> **RECORDS PROVIDED**:
┄┄┄┄┄┄

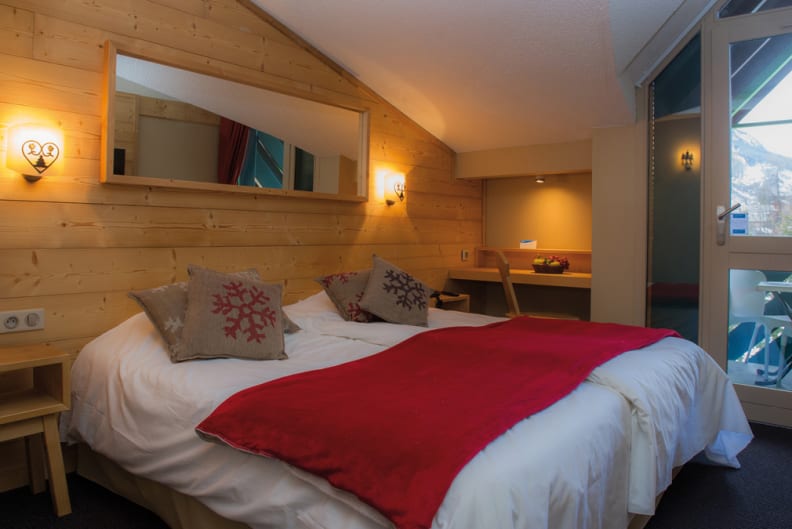 Chambre quadruple, Les Alpes d’Azur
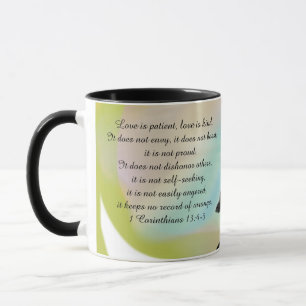 Caneca o amor de jesus é real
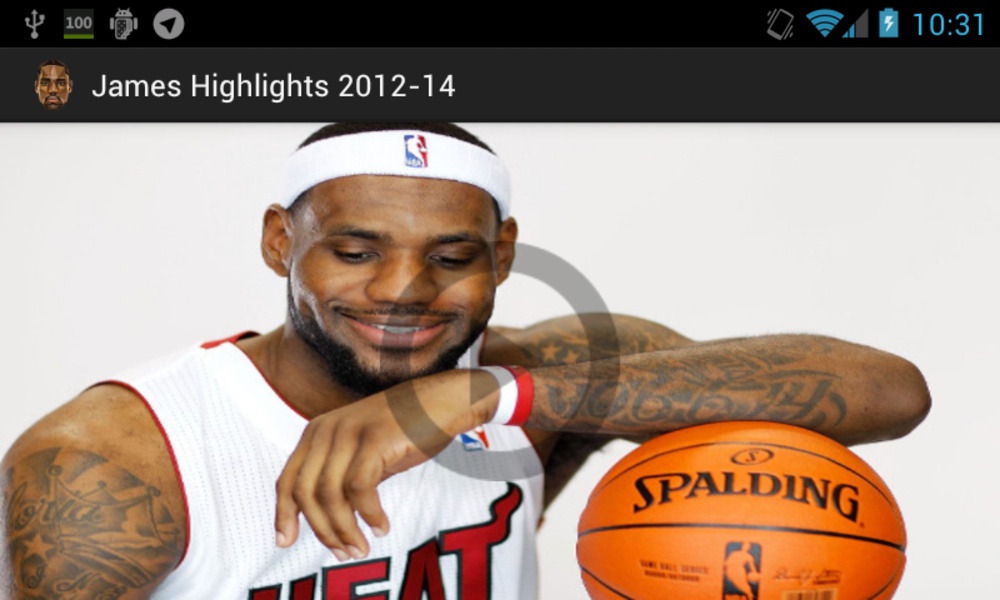 James Highlights - Preview 4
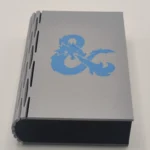 D&D könyv alakú kockatartó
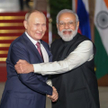 Indyjski premier Narendra Modi widział się z rosyjskim prezydentem Władimirem Putinem w grudniu. Obe
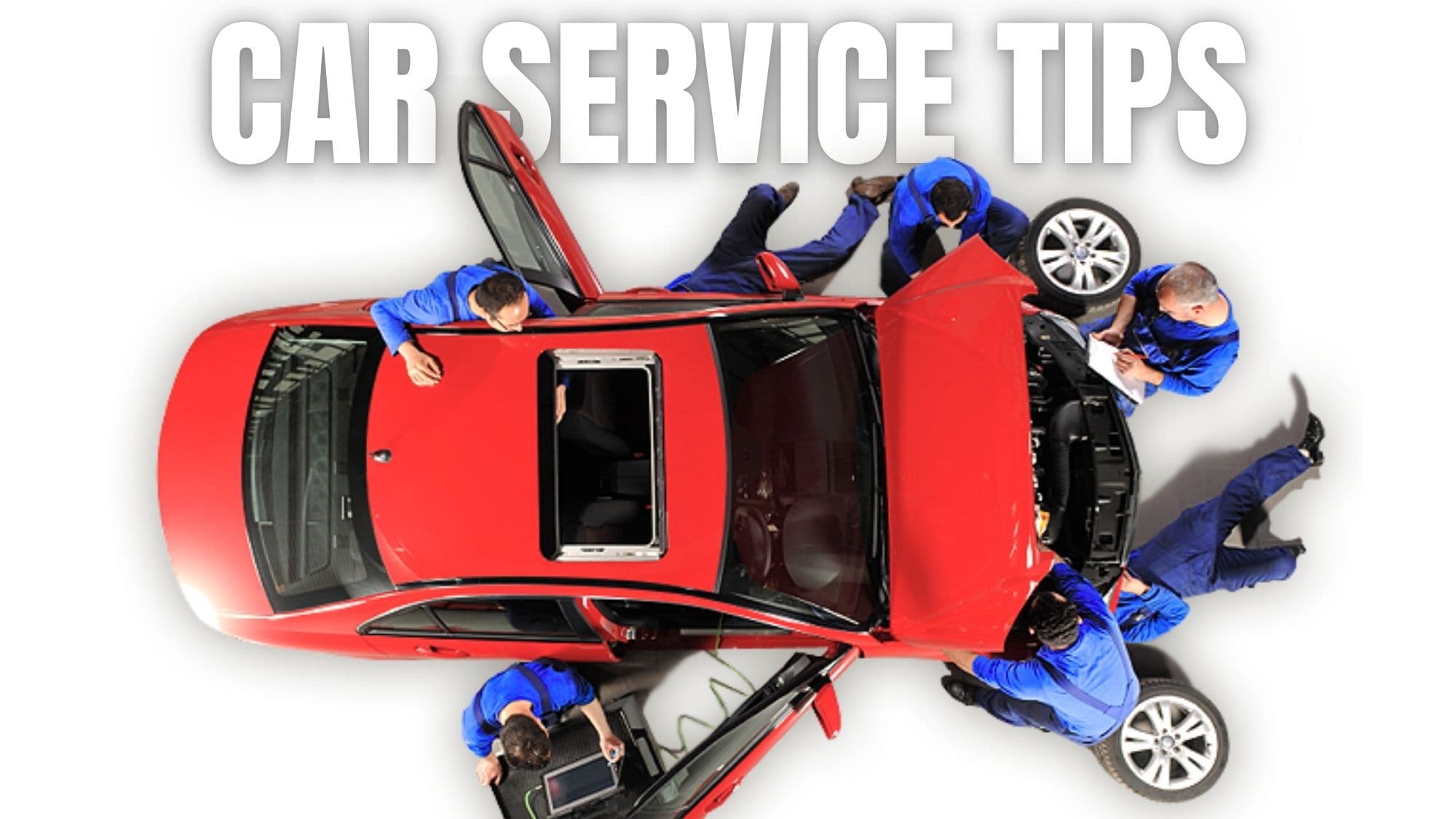 Car Service Tips - thumbnail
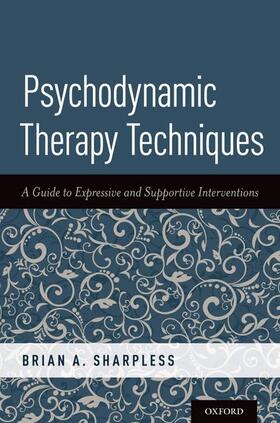 Sharpless |  Psychodynamic Therapy Techniques | Buch |  Sack Fachmedien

┄┄┄┄┄┄

What you write should match, word for word, the lines from the one containing "James Highlights - Preview 4" to the end of the listing, with both ends kept and the pictures left out.

> **RESULT OF THE EXERCISE**:
 James Highlights - Preview 4
 D&D könyv alakú kockatartó
 Indyjski premier Narendra Modi widział się z rosyjskim prezydentem Władimirem Putinem w grudniu. Obe
 Car Service Tips - thumbnail
 Sharpless |  Psychodynamic Therapy Techniques | Buch |  Sack Fachmedien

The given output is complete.